Gua ini berfungsi sebagai tempat berlindung (rock shelter) dari cuaca ekstrem dan serangan hewan buas. Keberadaan mata air alami dan vegetasi yang subur di sekitar kawasan Mantewe purba menjadikan tempat ini sebagai lokasi yang ideal bagi manusia prasejarah untuk berburu dan meramu makanan.

Para peneliti menemukan berbagai bukti aktivitas kehidupan masa lalu di dalam gua ini. Beberapa temuan penting di antaranya adalah artefak berupa alat-alat batu, sisa-sisa cangkang kerang yang menjadi makanan mereka, hingga fragmen tulang manusia purba. Penemuan-penemuan ini menegaskan bahwa Kalimantan memiliki peran penting dalam peta migrasi dan persebaran manusia di Nusantara pada masa lampau.

Potensi Edukasi dan Wisata Masa Depan
Sebagai bagian dari Geopark Meratus, Gua Liang Bangkai kini dikembangkan dengan konsep keberlanjutan yang memadukan konservasi alam, edukasi, dan pariwisata. Bagi para pencinta petualangan dan sejarah, tempat ini menawarkan sensasi menjelajah lorong-lorong gua yang eksotis sembari mempelajari bagaimana nenek moyang kita bertahan hidup ribuan tahun lalu.
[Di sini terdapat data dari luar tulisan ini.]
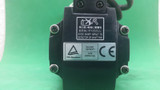 Mitsubishi Hc-mf23-ue Ac Servo Motor 200w 3000r/min - Used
Akses menuju lokasi di Desa Dukuhrejo kini terus dibenahi demi kenyamanan para wisatawan. Fasilitas penunjang seperti jalur treking dan papan informasi edukatif mulai disediakan agar pengunjung tidak hanya sekadar berfoto, tetapi juga pulang dengan membawa wawasan baru mengenai kekayaan geologi dan arkeologi Indonesia.

Gua Liang Bangkai adalah bukti nyata bahwa warisan masa lalu dapat berdampingan dengan masa kini. Menjaga kelestarian kompleks karst ini bukan hanya tugas pemerintah atau pengelola geopark, melainkan tanggung jawab bersama setiap pengunjung agar generasi mendatang tetap bisa menyaksikan keajaiban prasejarah di Tanah Bumbu ini.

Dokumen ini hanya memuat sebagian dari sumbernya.